━━━ Data for processing
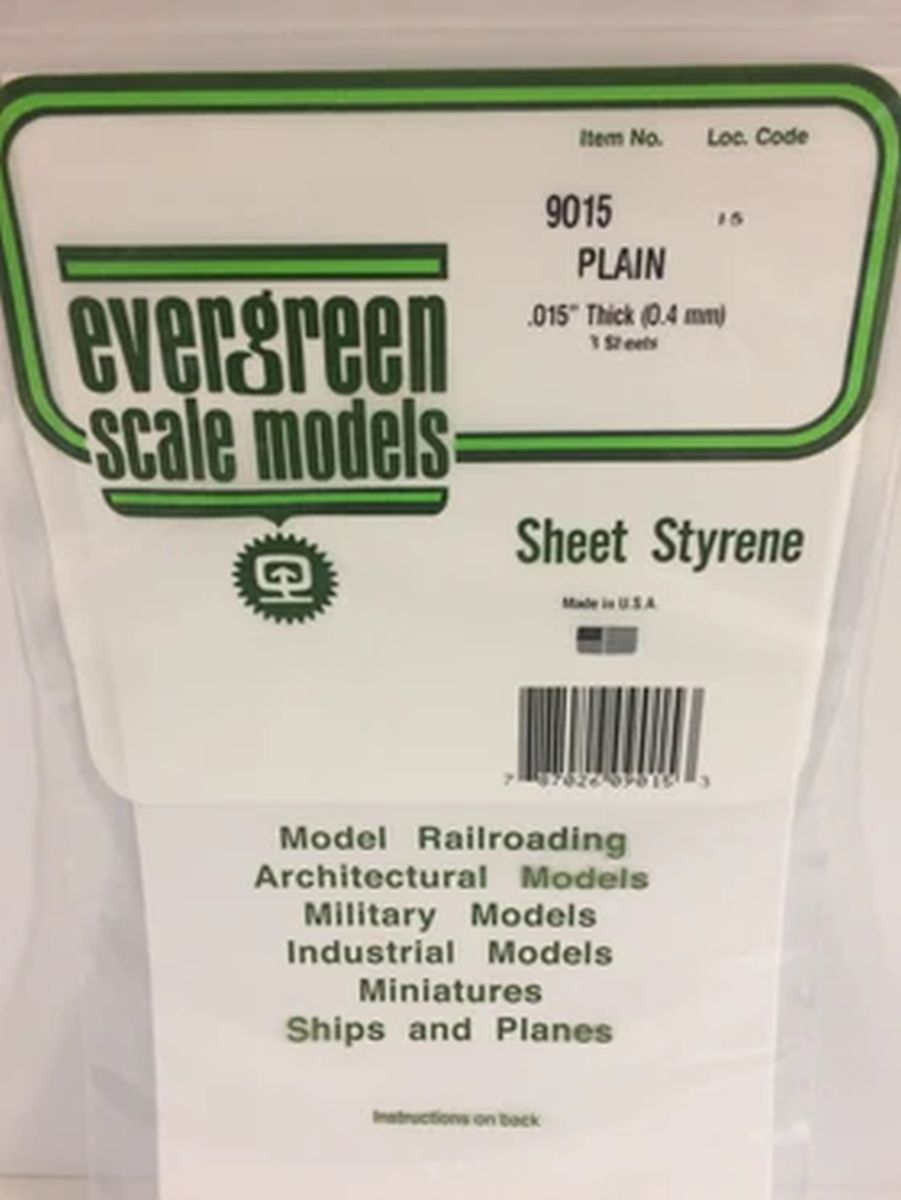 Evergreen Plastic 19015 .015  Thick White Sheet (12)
━━━━━━
━━━ Data for processing
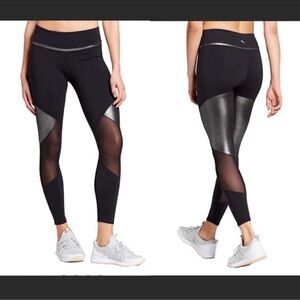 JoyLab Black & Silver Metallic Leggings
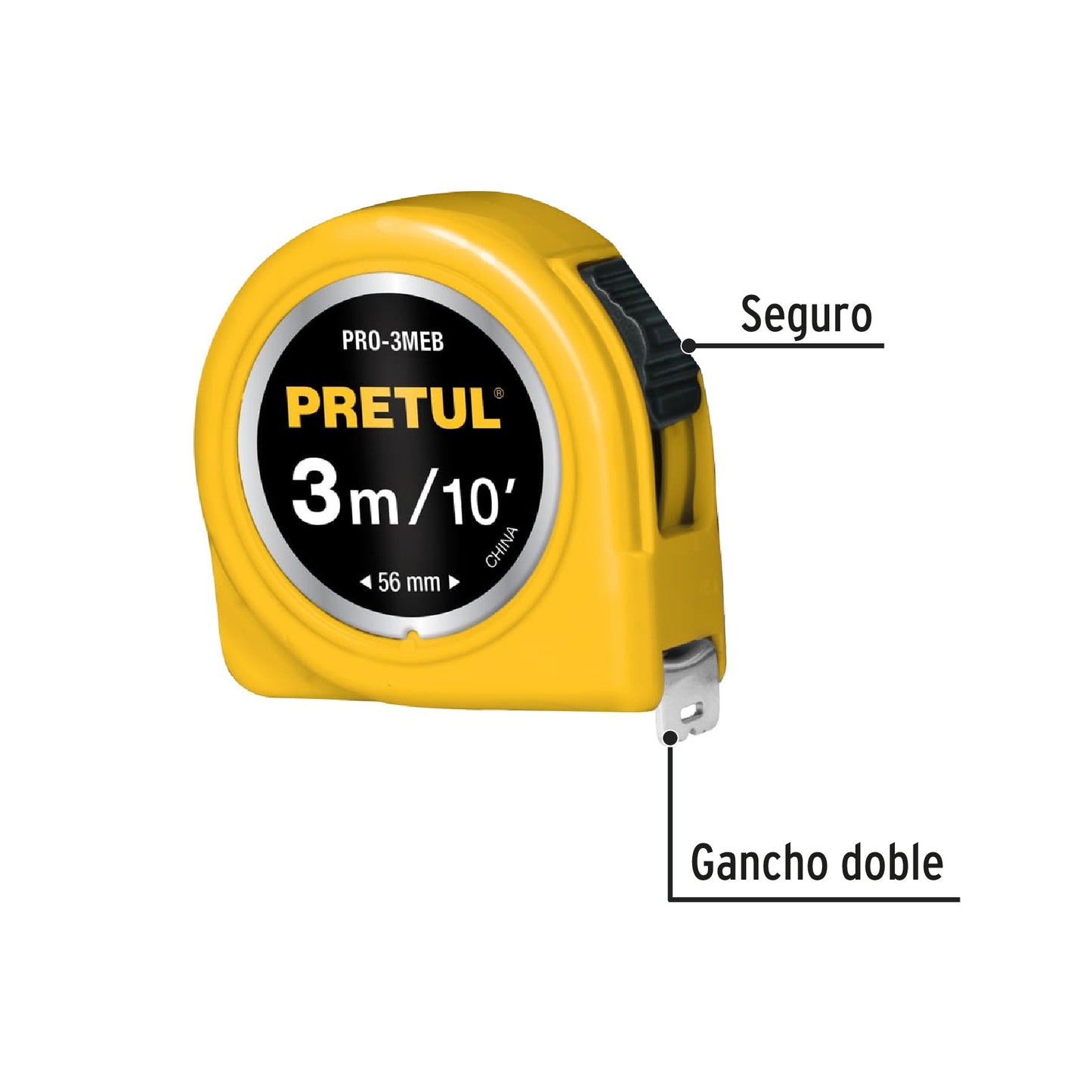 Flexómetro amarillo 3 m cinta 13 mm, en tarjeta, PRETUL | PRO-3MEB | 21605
━━━━━━
## Goal of the exercise
Your reply should consist solely of the lines above from the line containing "JoyLab Black & Silver Metallic Leggings" up to and including the line containing "Flexómetro amarillo 3", reproduced exactly, minus the pictures.

## Exercise result
 JoyLab Black & Silver Metallic Leggings
 Flexómetro amarillo 3 m cinta 13 mm, en tarjeta, PRETUL | PRO-3MEB | 21605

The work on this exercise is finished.